Spanish Cultural References
I came across this sentence:
"Las modas se caracterizan por ser efímeras, y en algunas ocasiones son cíclicas, aparecen una y otra vez como el Guadiana."
Which translates to,
"Fads are characterized by being short-lived, and are sometimes cyclical, appearing now and then like the Guadiana."
The Guadiana is a river in Spain known for flowing intermittently. Of course, most people living outside of Spain and Portugal wouldn't even know what a guadiana is. What is the best course of action here? Adding a footnote explaining the reference(against the owl's liking)? Or replacing it with an American equivalent (if one even exists)?
I aim to translate to the target language in a way that best captures the intent of the author; in a way that the language flows well and is enjoyable to read.
We see from machine translation how terrible 'literal translation' is. Translations require choices, which are sometimes extremely difficult to make; as can be seen with preferences among multiple translations of popular books.
I would not explain the Spanish river, but look to capture the tone of the text with the closest English equivalent. At times, as with many idioms, there is no 'correct' translation, but rather, a 'best effort' intent to bring the author's tone and meaning to the target language.
I like GoodandPlenty's answer . If I were translating , I would leave the "Guardiana " in , and inquisitive people can track down the reference , and those who don't care to do that can perhaps intuit the reference .
In the French and German course I tend to add some short explanation between brackets. And I also tend to not translate names in those languages, putting the translation between brackets. Keep in mind that we can't make hyperlinks in our translations.
Hmm. What about jokes that only make sense in Spanish like:
>Las tres clases de personas más involucradas en el nacimiento o propagación de una moda o tendencia social son los mavens, los vendedores y los conectores.
>No, no son especies alienígenas de Star Trek o de Babylon 5.
>The three kinds of people who are most involved in the birth or propagation of a fad or social trend are mavens, salesmen, and connectors.
>No, they're not alien species from Star Trek or Babylon 5.
I'm guessing in Spanish, mavens, vendedores, and conectores sound like alien species, as opposed to "salesmen". Unless that's the joke...
I think the joke there is perhaps more that they are considered to be a type of alien species by teenagers and young adults - maven is another word for judge/arbiter/referee or an expert in a particular field , though I have no idea what is meant by 'connectors' - conductors?
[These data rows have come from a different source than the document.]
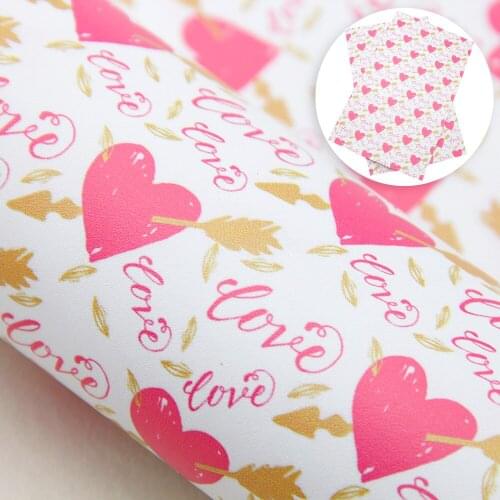 David accessories 20*33cm Heart Love Printed Smooth Synthetic Leather DIY Bow Bag Faux Leather Fabric Sheets,1Yc10165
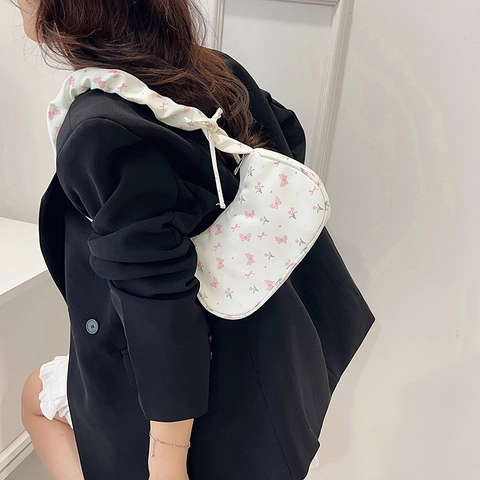 Bolso de Hombro de Nailon para Mujer Con Estampado Floral Mariposa Cereza Asa Fruncida Decoración de Lazo Bolso de Axila Elegante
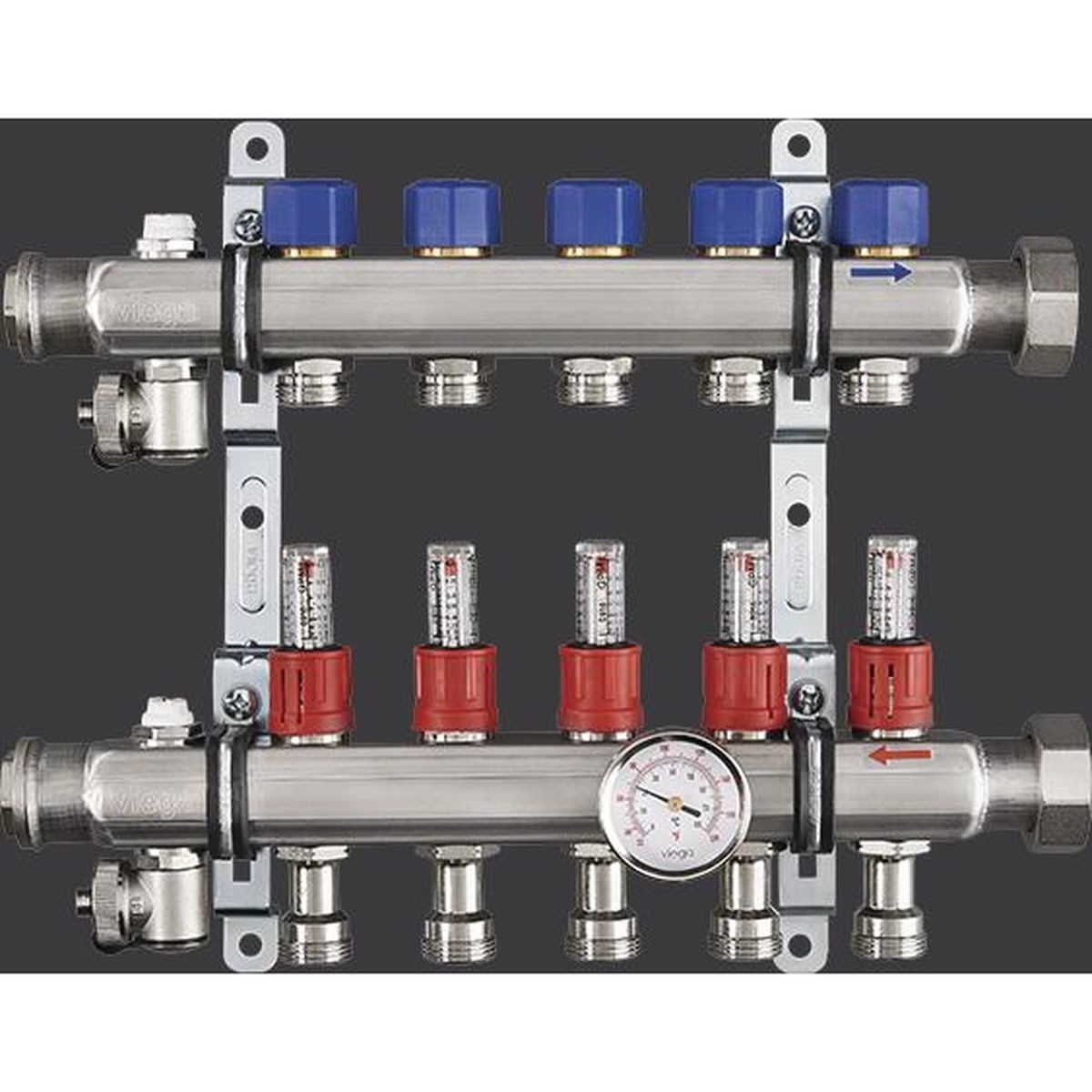 Viega 16030 (2804) Stainless Steel 2-Outlet Heating and Cooling Manifold with 1-1/4 in Union and 1 in FPT (1 Each) - 2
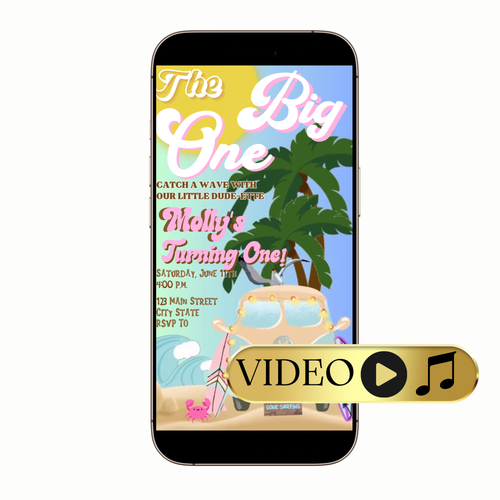 Retro Surf Van Beach Video Invitation for Mobile Sharing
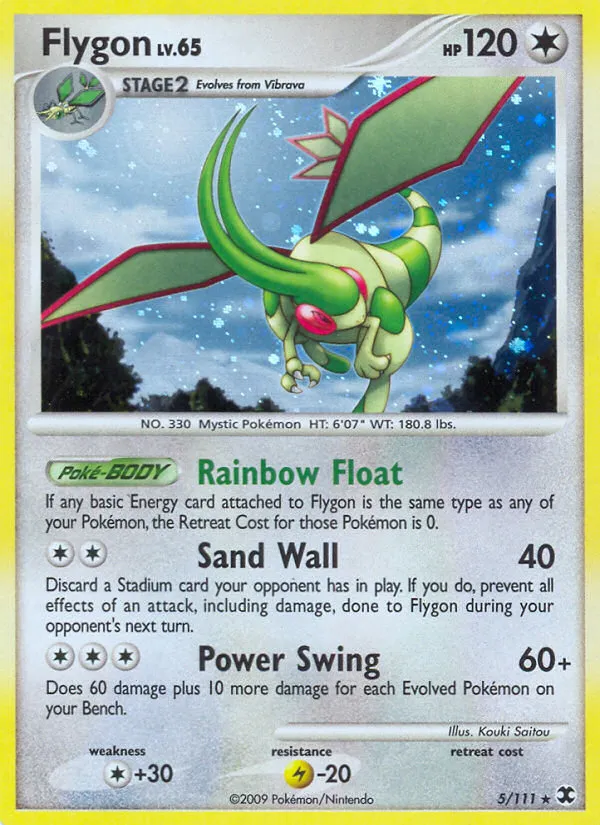 2009 Rising Rivals Flygon Rare Holo #005/111 Rare Holo card image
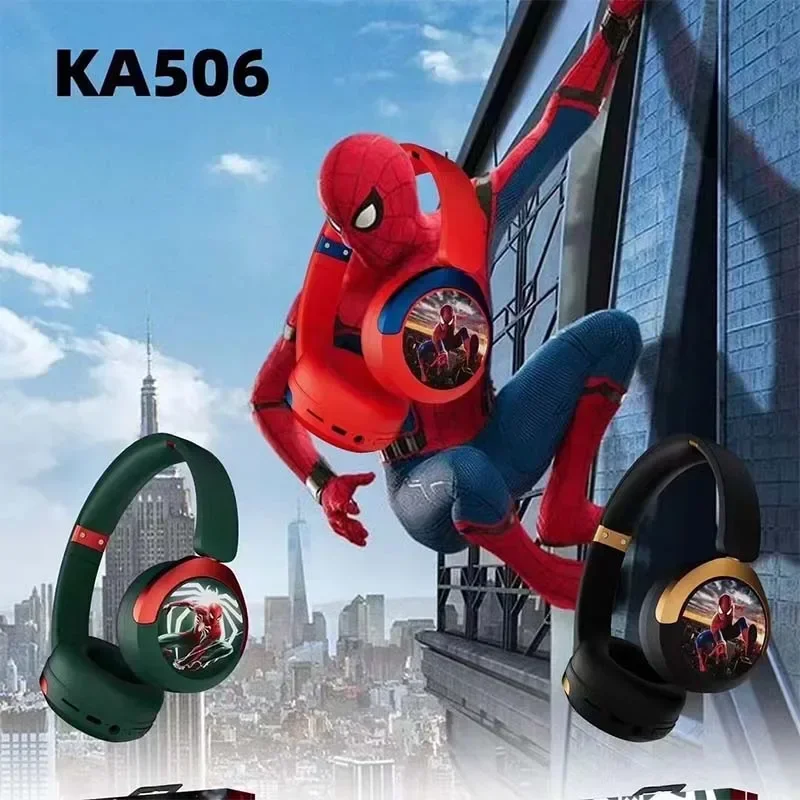 

New Disney Headphones Bluetooth for Spider Man Foldable Wireless Headsets Stereo Sound Laptop Earphones Kids Anime Cartoon KA506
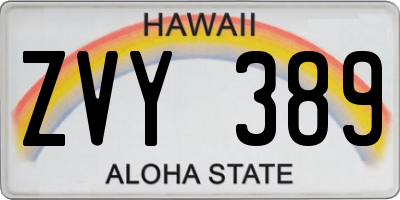 HI license plate ZVY389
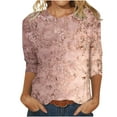 thumbnail image 2 of AOOCHASLIY American Carnival Women Tops Women's Fashion Printed T-shirt 3/4 Sleeves Blouse Round Neck Casual Tops, 2 of 5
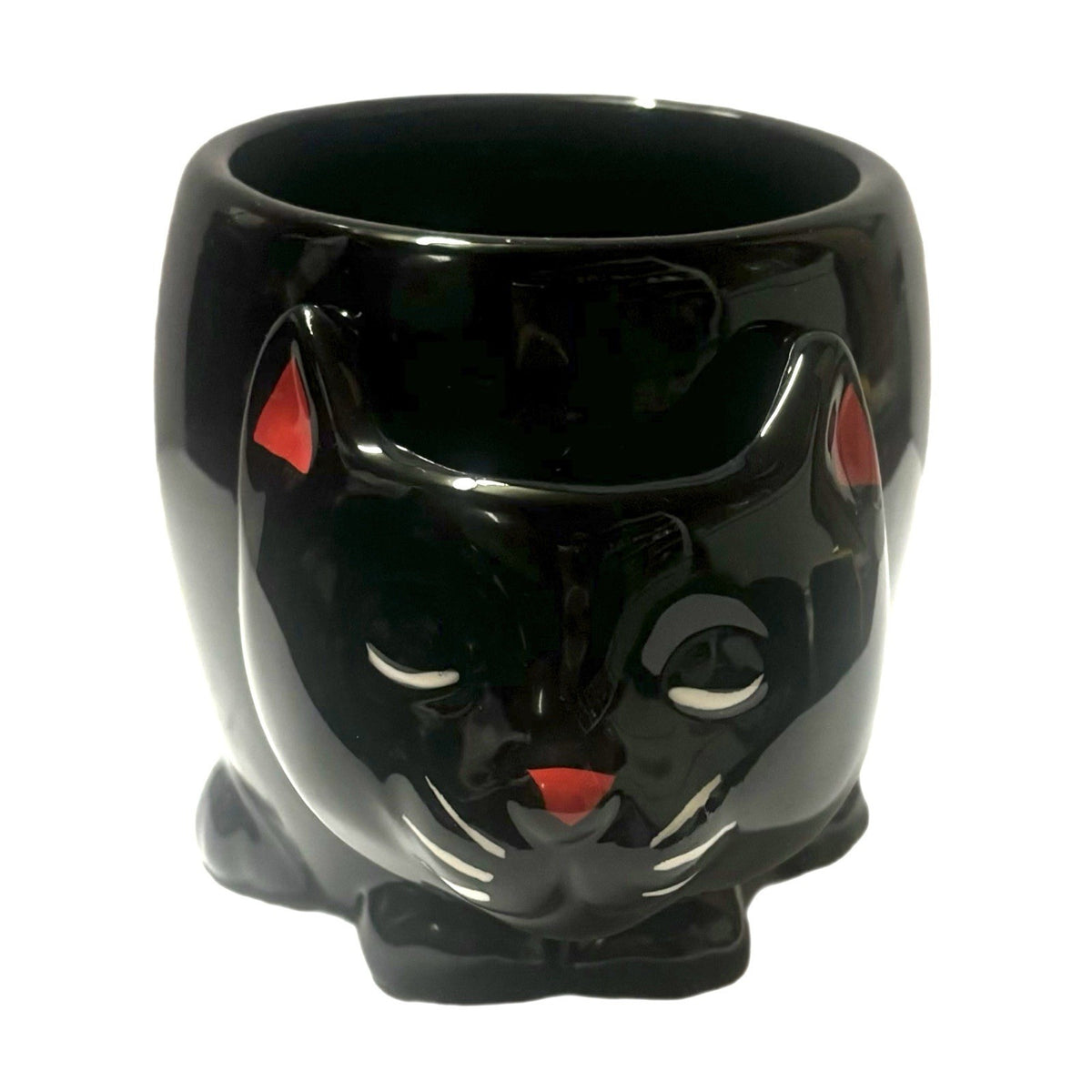 Black Cat Ceramic Mug Red Ears Nose Sculpted Coffee Tea Cup Cute Gift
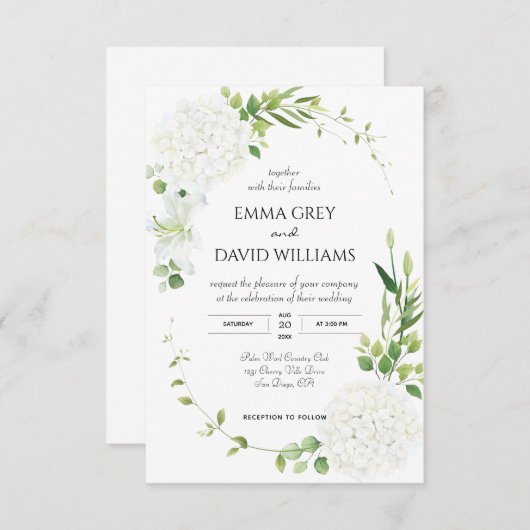 Faire-part de mariage d'hydrangée blanche rustique (Devant / Derrière)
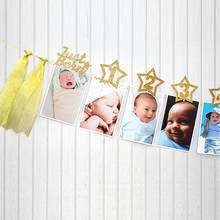 Marco de fotos de 12 meses, pancarta para Baby Shower, decoración de primer cumpleaños, primer niño y niña, suministros para fiesta de bautismo de 1 año, oro 2024 - compra barato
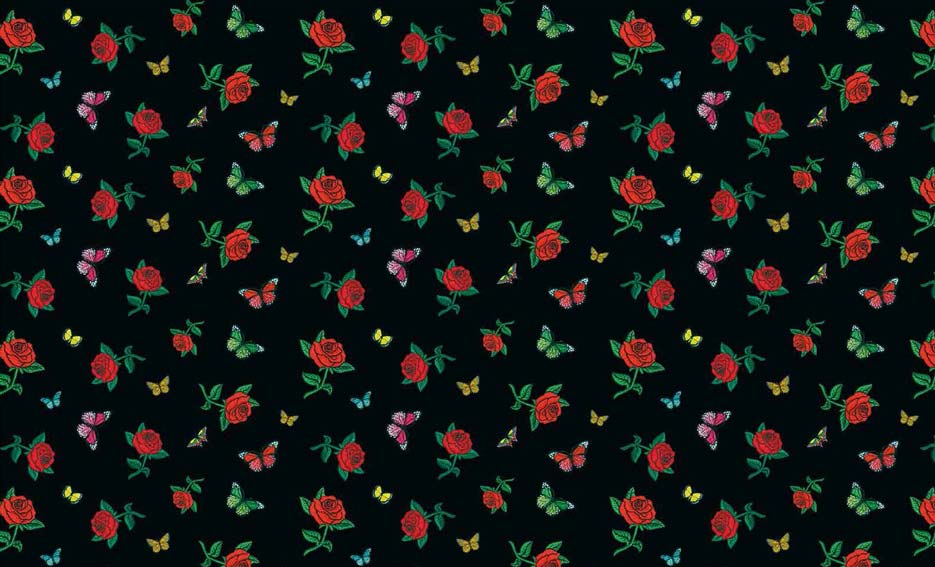 Zdjęcie przedstawiające wzór do nadruku na tkaniny i dzianiny w czerwone róże oraz kolorowe motyle na tle w kolorze czarnym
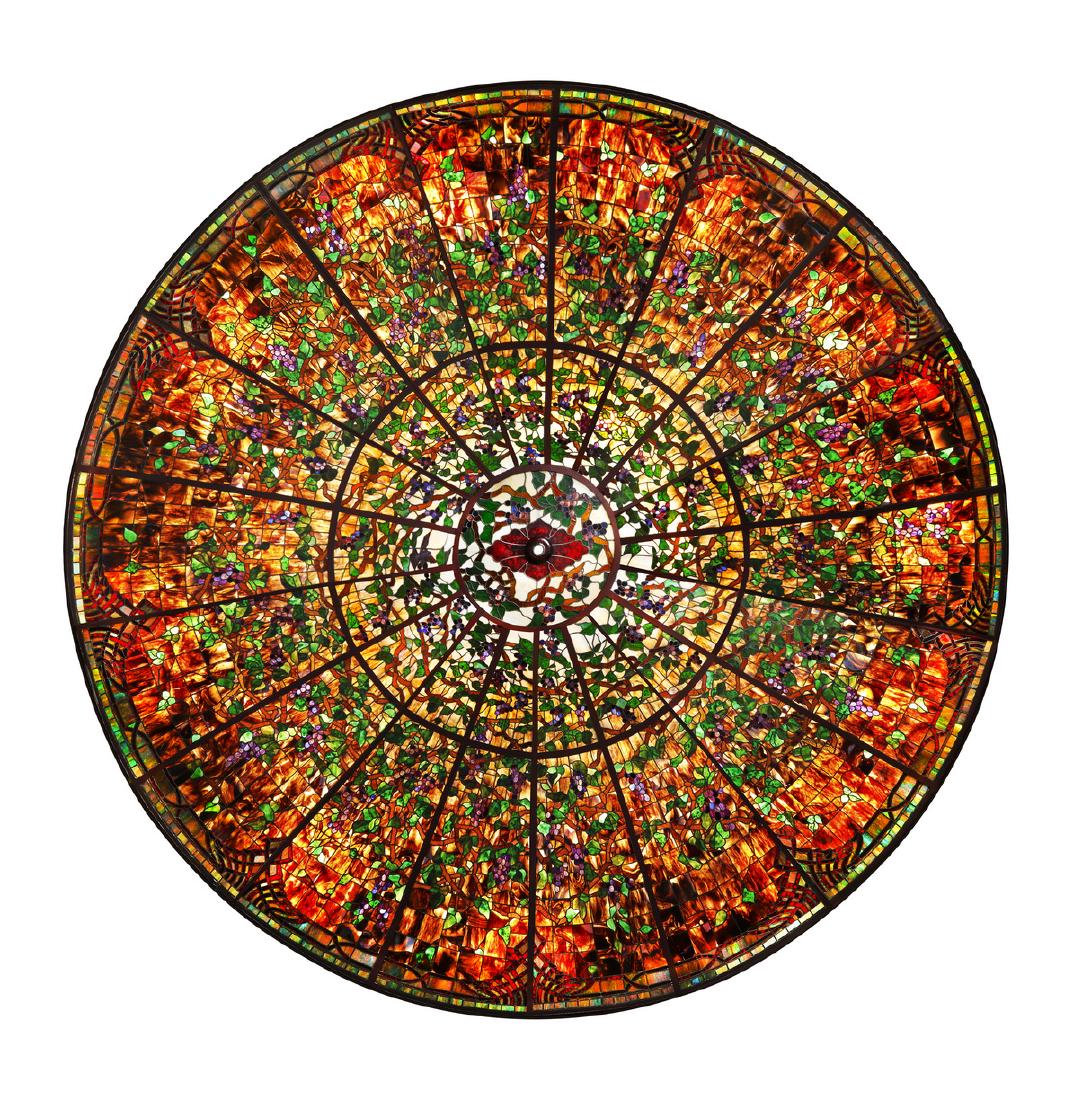 Monumental American stained glass dome, 17 ft dia. (1 of 10)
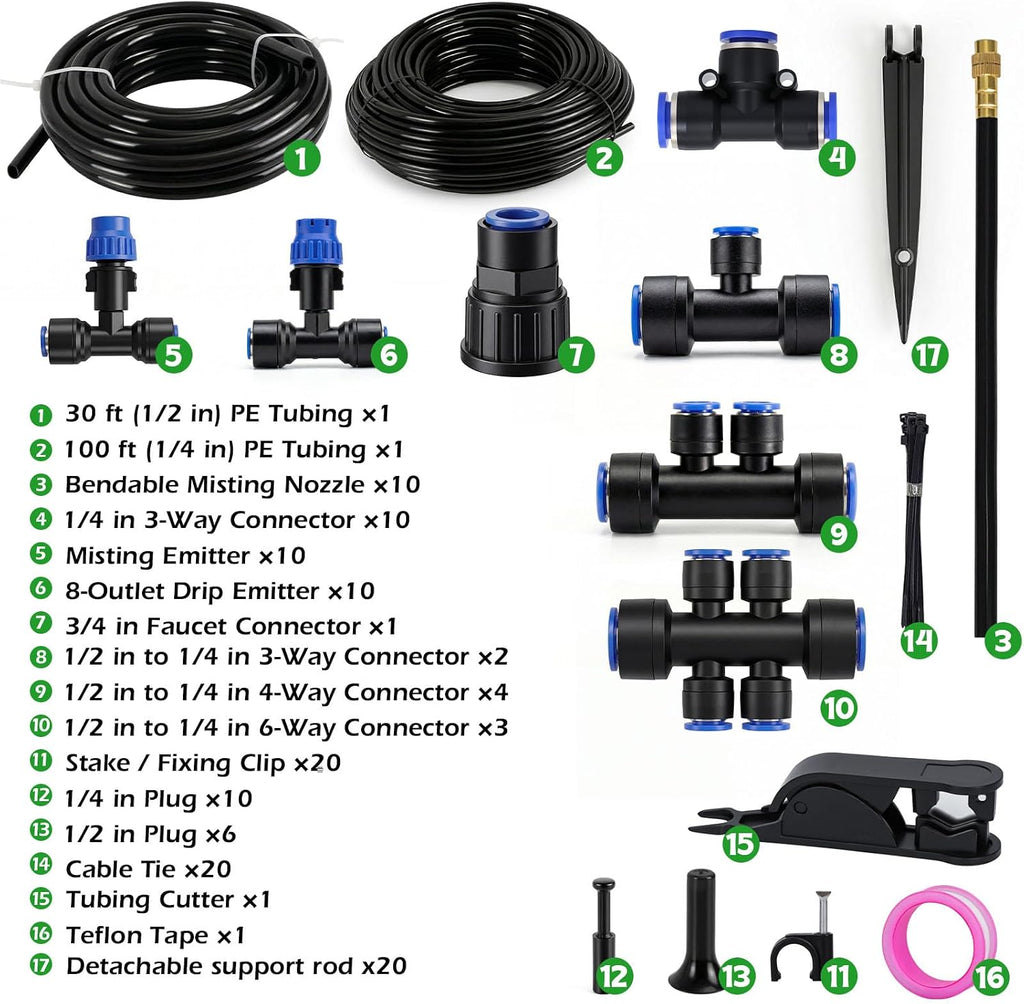 Drip Irrigation System 130FT with 10 Bendable Nozzles, 10 Misting Emitters, 10 8-Outlet Drip Emitters, 1/2 & 1/4 Inch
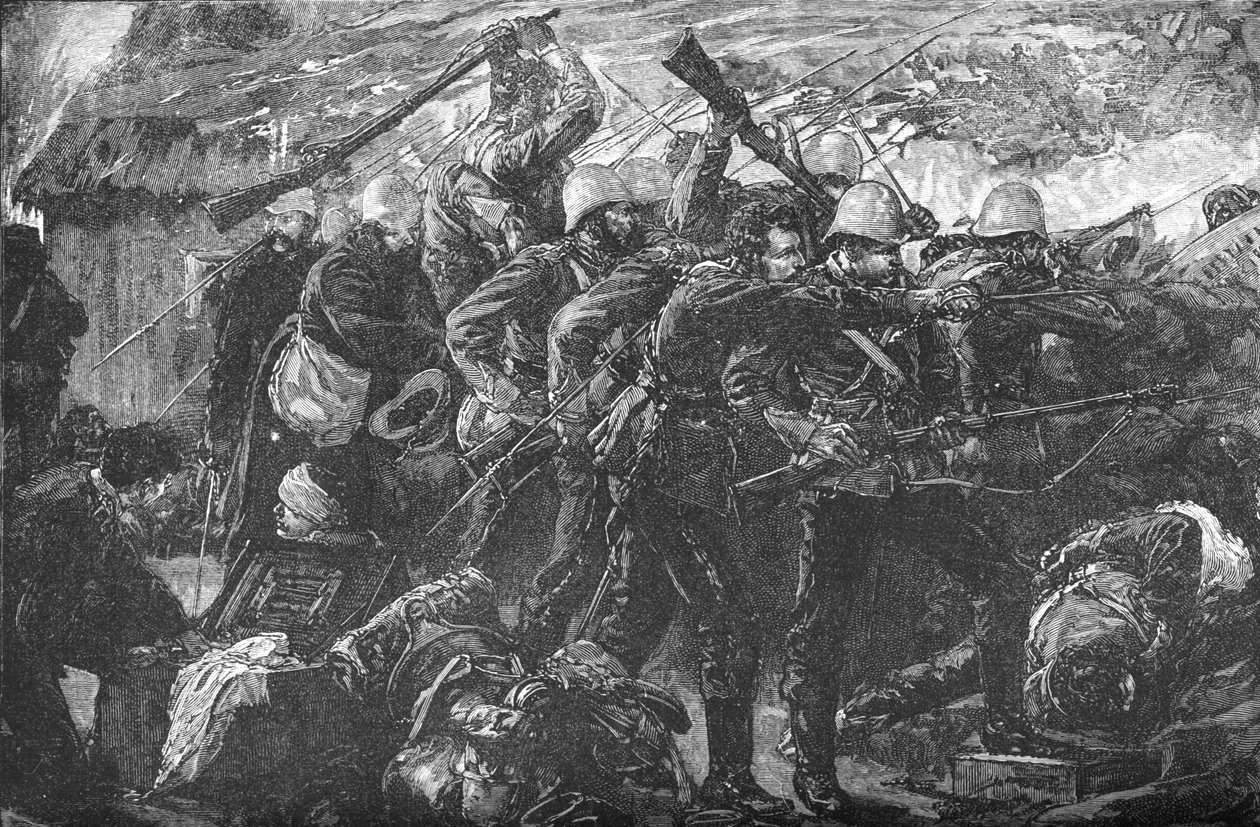 Obrana Rorkes Drift, c1880 od Unbekannt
However, it's hard to say what might be the best way to approach the translation without knowing the context of the rest of the article.
"Las moda se caracterizan por ser efímeras, y en algunas ocasiones son cíclicas, aparecen una y otra vez como el Guadiana."
I think the correct translation would be something like:
Fashions are characterized by being short-lived, and sometimes cyclical, appearing over and over like a river.
The author is saying that fashions don't last long, and are repetitive. He's like mocking and being ironic about it, like not taking fashion seriously.